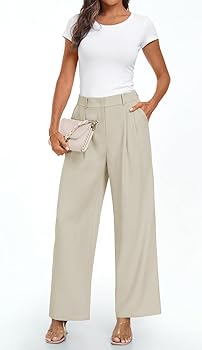DvaeMalligo Work Pants Women Wide Leg Dress Pants Elastic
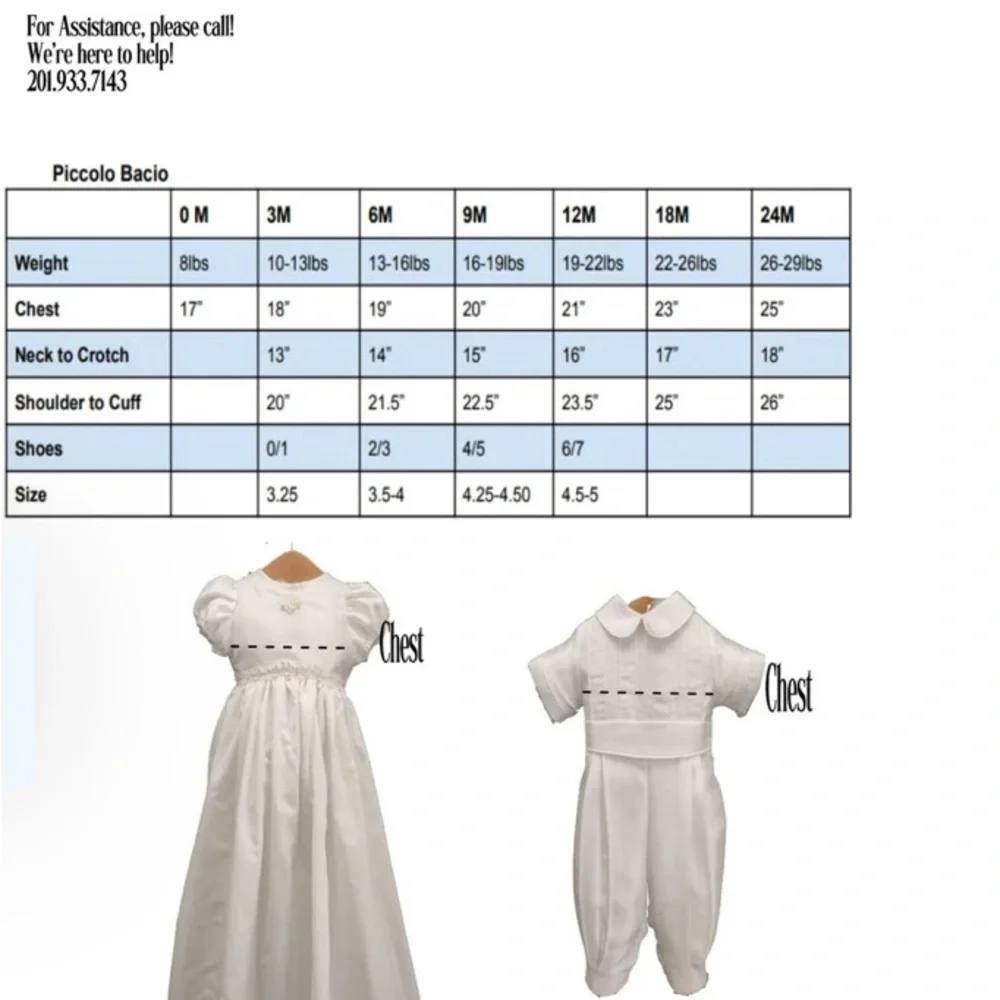 Piccolo Bacio 6M Silk Baptism Outfit – Made in USA | includes hanger. (Boys)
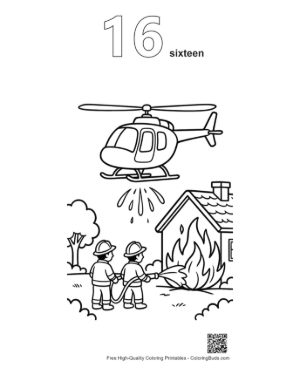 Thumbnail: Rescue Chopper Assisting Firefighters at Home Fire Printable Outline Number 16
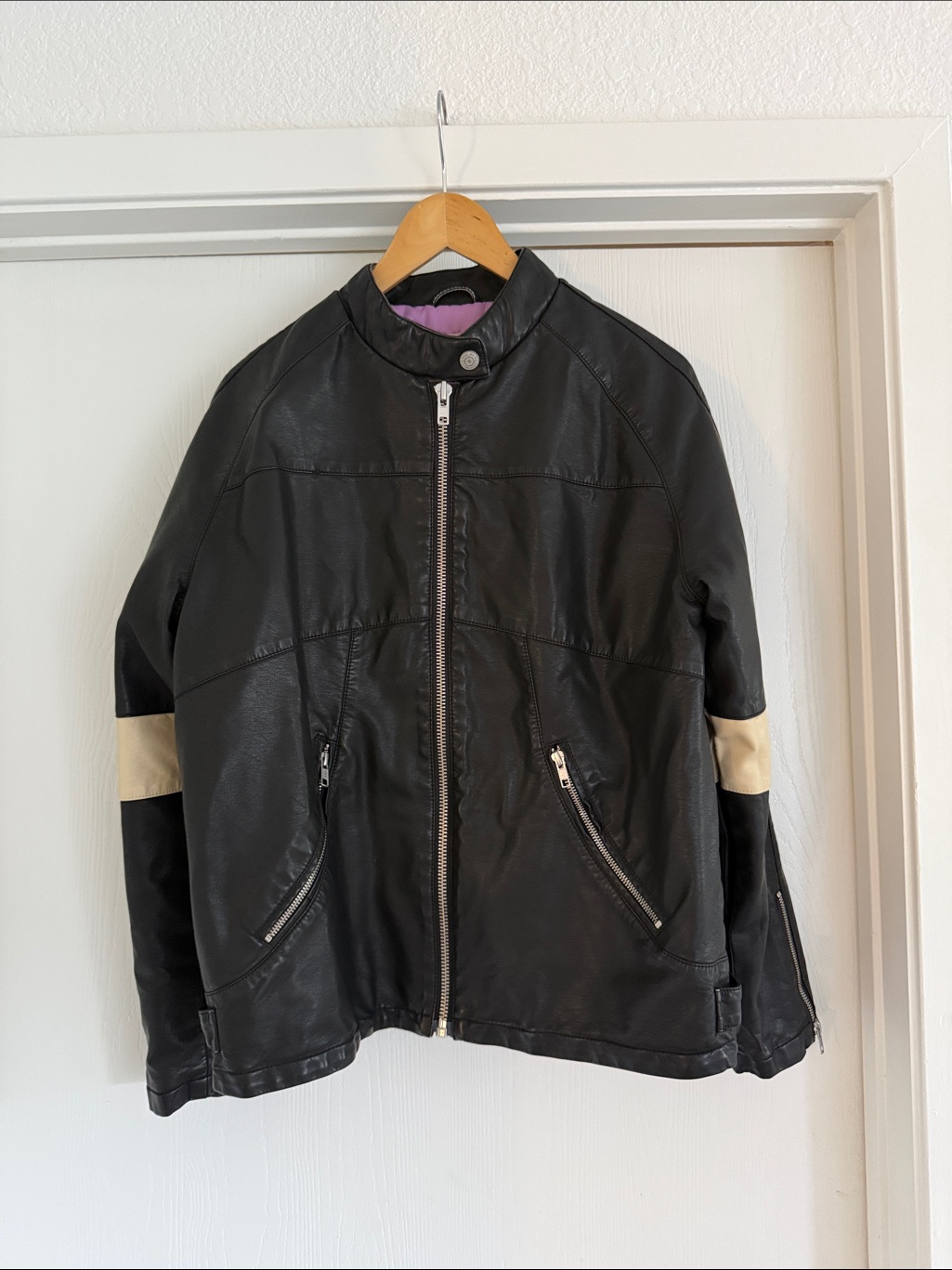 Euc Free People We The Free Ryder Sport Moto Vegan Leather Jacket Small In Black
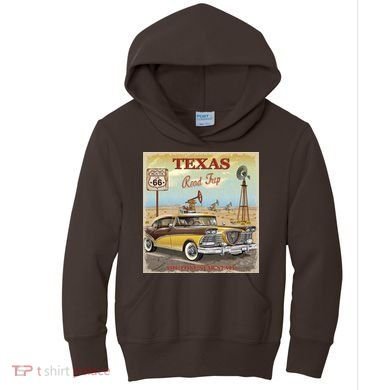 Texas Road Trip Route 66 Classic Car Kids Hoodie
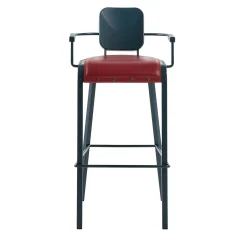 Rock Stool with Leather Seat by Marc Sadler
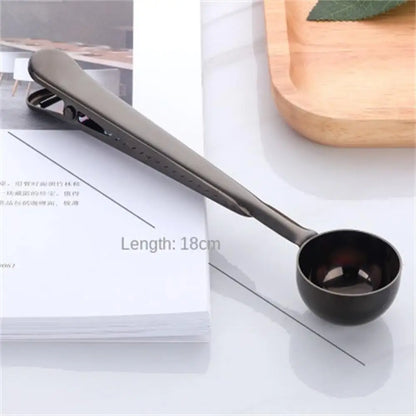 2-in-1 Stainless Steel Powder Measuring Scoop with Sealing Clip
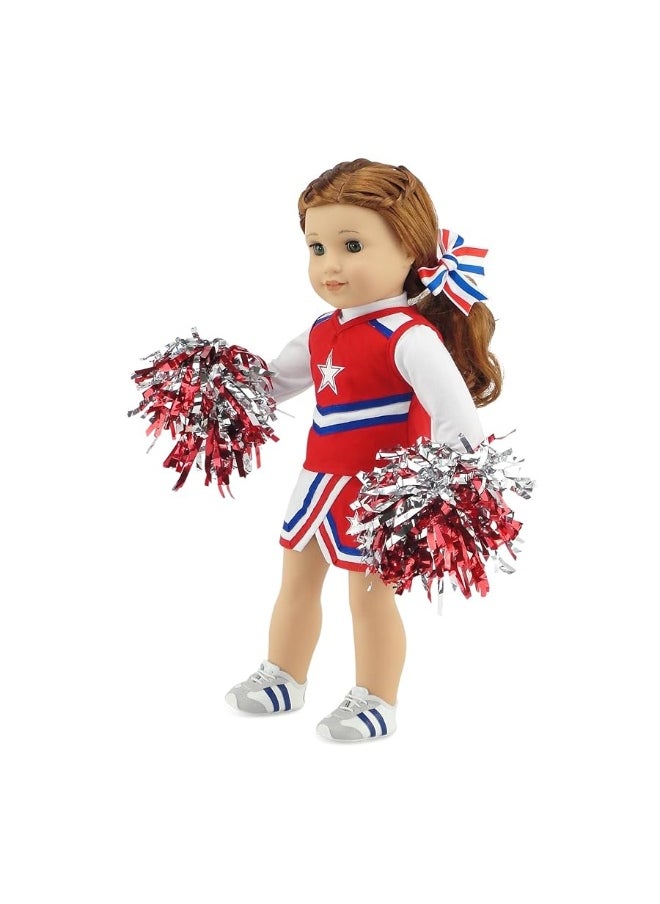 Emily Rose - Emily Rose 18 Inch Doll Clothes & Accessories | 7 PC USA 18" Doll Cheer Cheerleader Sports Outfit Toy Gift Set Girls, Including 18-in Doll Shoes and Pom-Poms Accessory! | Fits Most 18" Dolls - Image 1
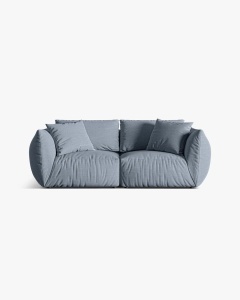 CANAPEA MODULARA CHRIS, CU 3 LOCURI, 220X100, ALBASTRU PAL, CU TAPITERIE DIN TEXTIL STRUCTURAT LINS, MICADONI - Img 2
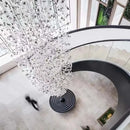 DecorBites™ Crystal Chandelier: Modern LED Lighting Fixture for Staircase, Hallway, Lobby
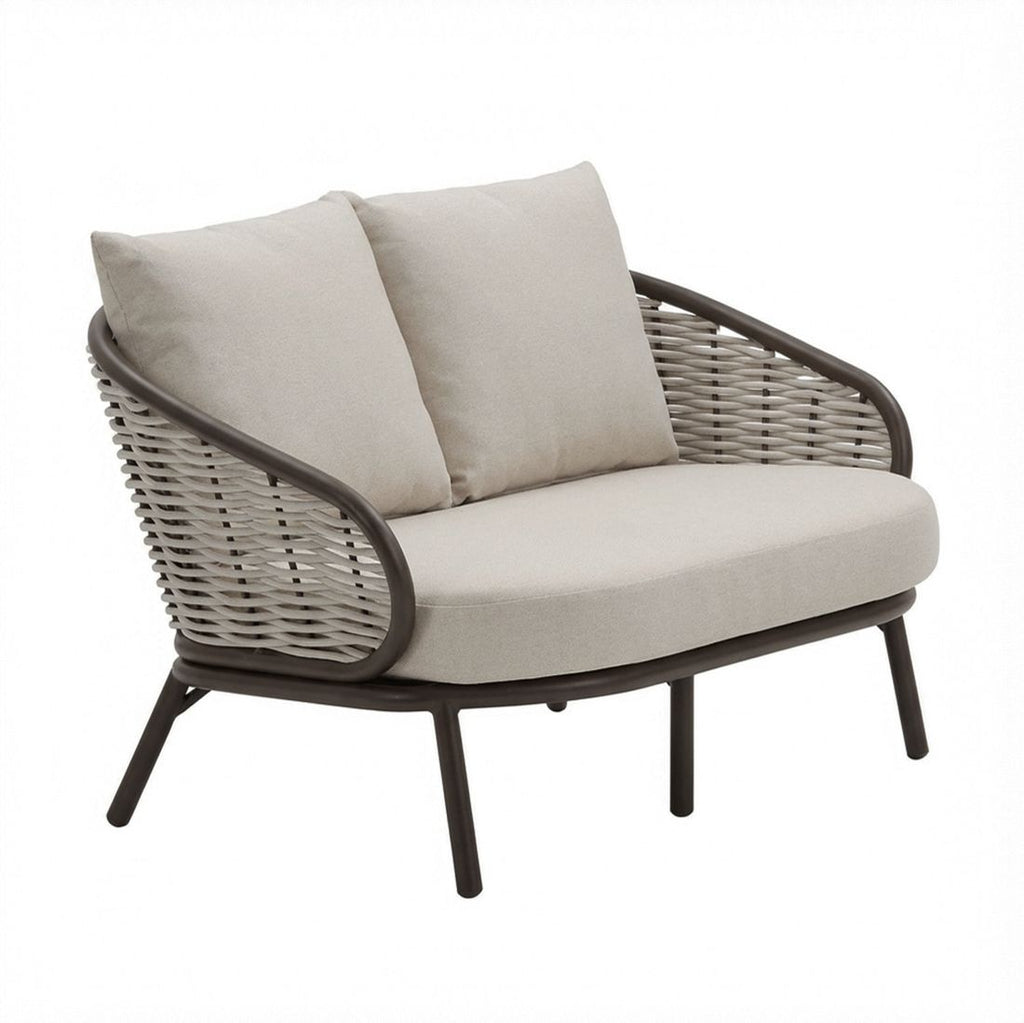 Hagesofa Pine Key aluminium/polyrotting 145 cm nærbilde av flettverk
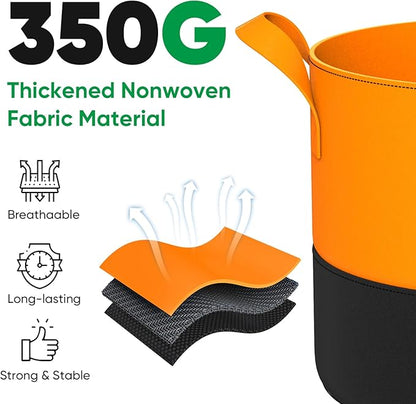 7-Gallon Grow Bags for Potato Planting: 6 Pack Heavy Duty 350G Thickened Tomato Planter Bags with Handles - Fabric Pots Felt Garden Bags for Growing Vegetable Fruit Flower Herb with 10 Plant Labels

Exercise goal:
Write out all the entries word for word, but skip any images.

Output for this exercise:
DvaeMalligo Work Pants Women Wide Leg Dress Pants Elastic
 Piccolo Bacio 6M Silk Baptism Outfit – Made in USA | includes hanger. (Boys)
 Thumbnail: Rescue Chopper Assisting Firefighters at Home Fire Printable Outline Number 16
 Euc Free People We The Free Ryder Sport Moto Vegan Leather Jacket Small In Black
 Texas Road Trip Route 66 Classic Car Kids Hoodie
 Rock Stool with Leather Seat by Marc Sadler
 2-in-1 Stainless Steel Powder Measuring Scoop with Sealing Clip
 Emily Rose - Emily Rose 18 Inch Doll Clothes & Accessories | 7 PC USA 18" Doll Cheer Cheerleader Sports Outfit Toy Gift Set Girls, Including 18-in Doll Shoes and Pom-Poms Accessory! | Fits Most 18" Dolls - Image 1
 CANAPEA MODULARA CHRIS, CU 3 LOCURI, 220X100, ALBASTRU PAL, CU TAPITERIE DIN TEXTIL STRUCTURAT LINS, MICADONI - Img 2
 DecorBites™ Crystal Chandelier: Modern LED Lighting Fixture for Staircase, Hallway, Lobby
 Hagesofa Pine Key aluminium/polyrotting 145 cm nærbilde av flettverk
 7-Gallon Grow Bags for Potato Planting: 6 Pack Heavy Duty 350G Thickened Tomato Planter Bags with Handles - Fabric Pots Felt Garden Bags for Growing Vegetable Fruit Flower Herb with 10 Plant Labels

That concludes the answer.